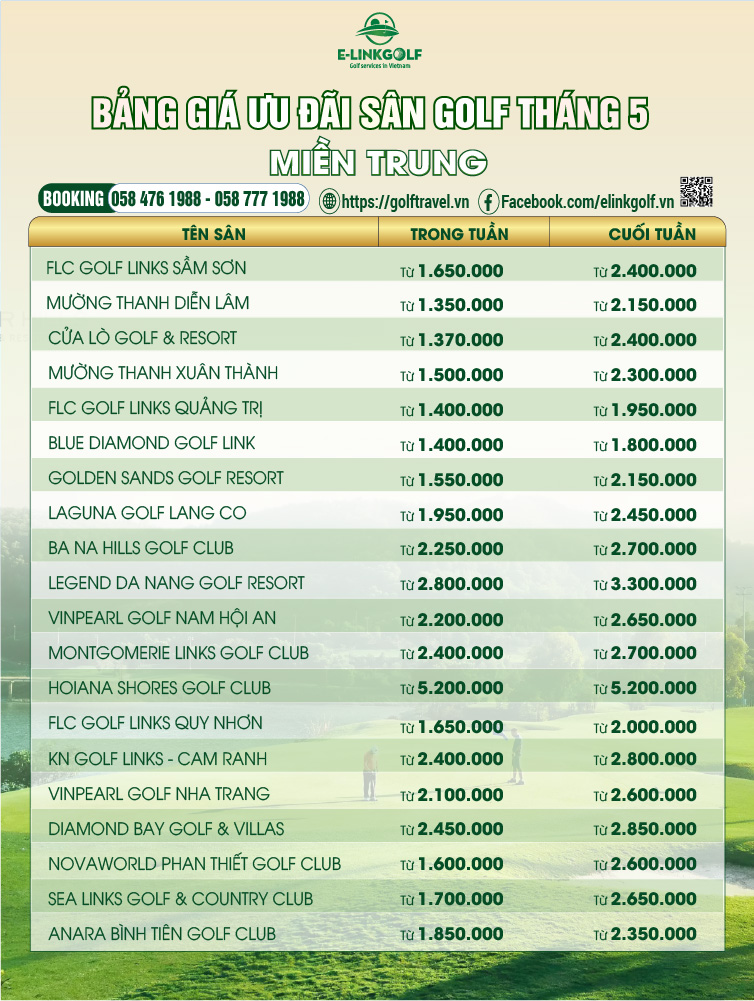 giá các sân golf miền trung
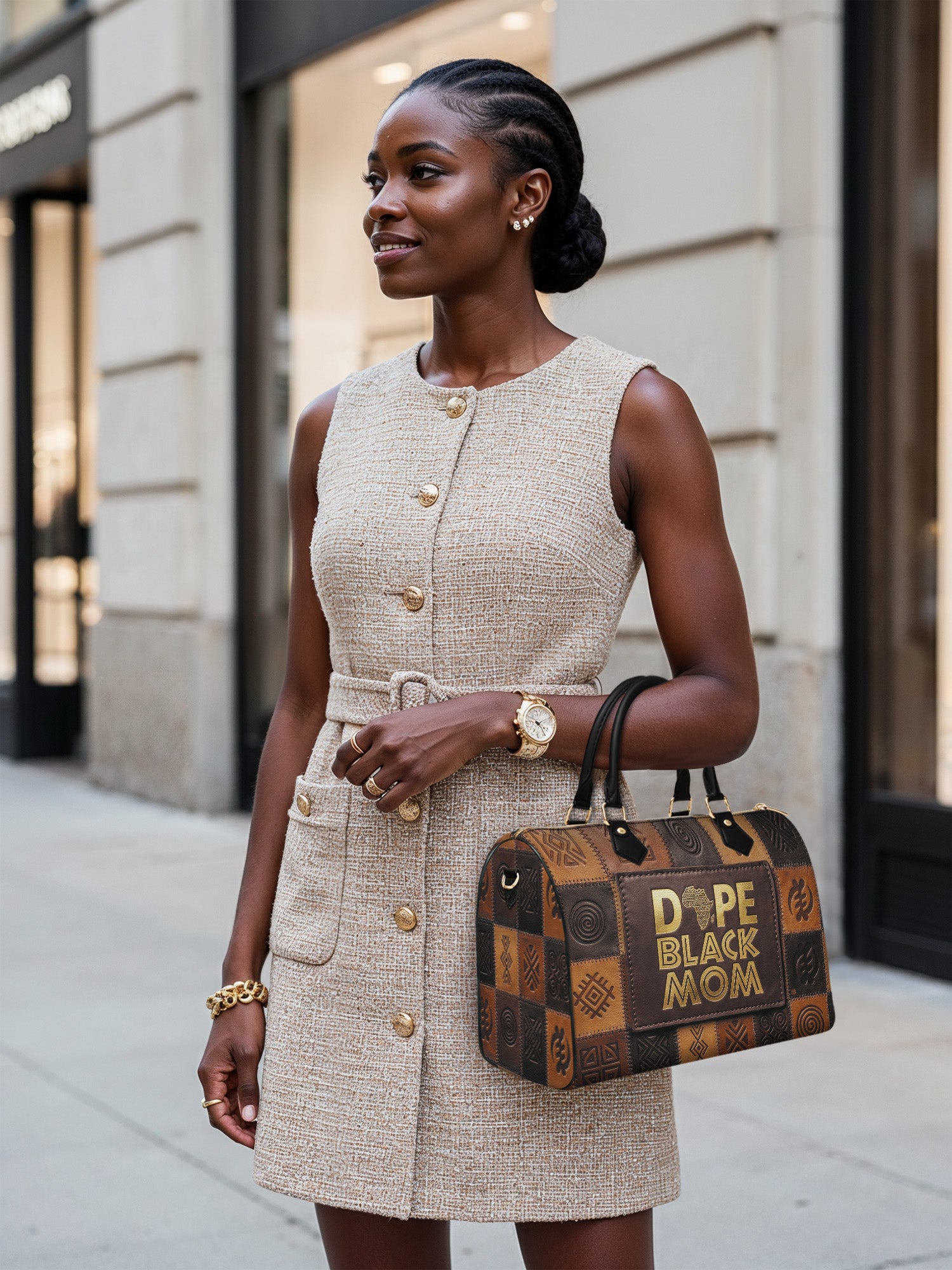 Dope Black Mom Power Leather Boston Bag QR0TV270
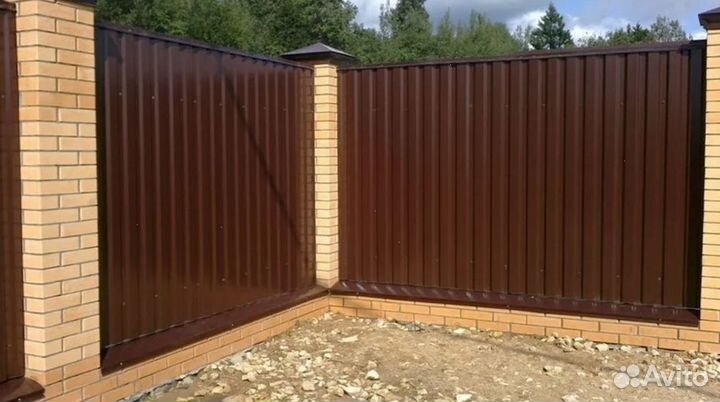 Забор металлический,ворота, калитки под ключ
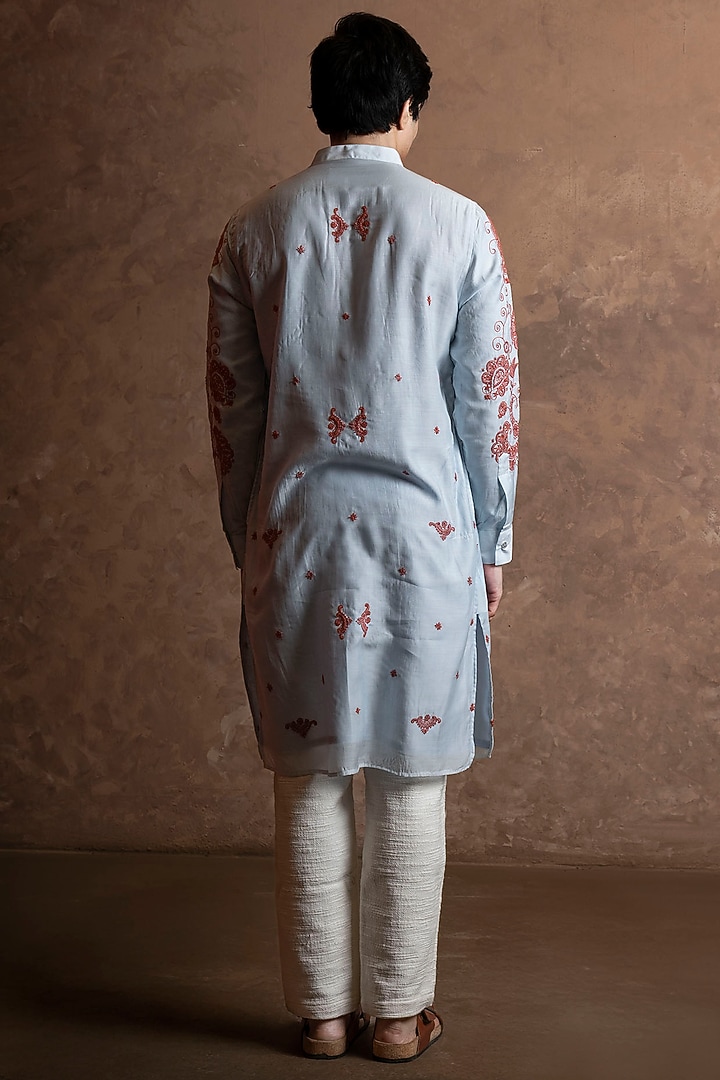 Sky Blue Muslin Embroidered Kurta by VAANI BESWAL MEN at Pernia's Pop Up Shop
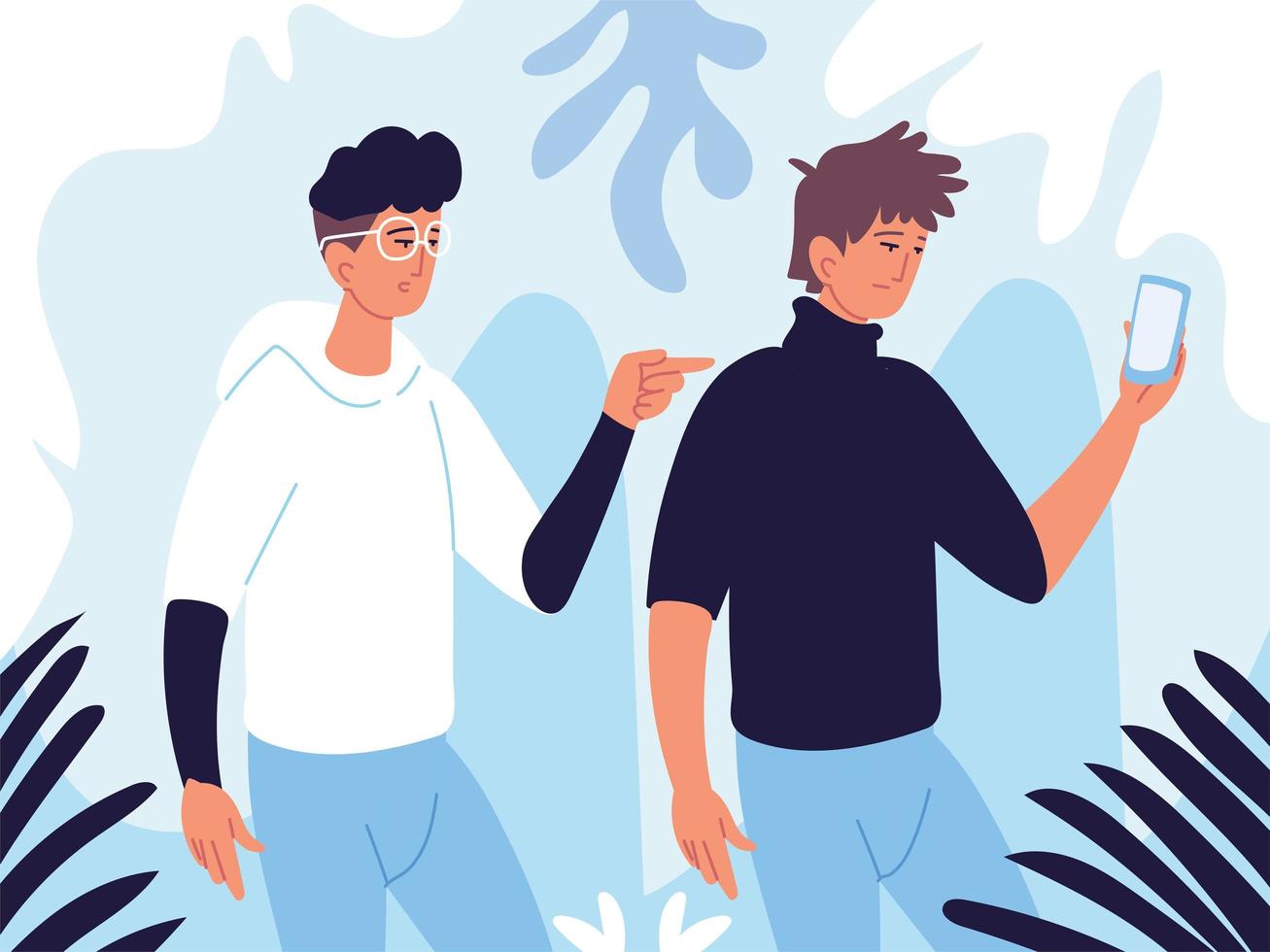 indifferent men with phone vector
* * *
What you have to do =
Please give an exact copy of the lines from the line containing "Забор металлический,ворота, калитки под ключ" through the end of the records above, pictures excluded.

Answer to this task =
 Забор металлический,ворота, калитки под ключ
 Sky Blue Muslin Embroidered Kurta by VAANI BESWAL MEN at Pernia's Pop Up Shop
 indifferent men with phone vector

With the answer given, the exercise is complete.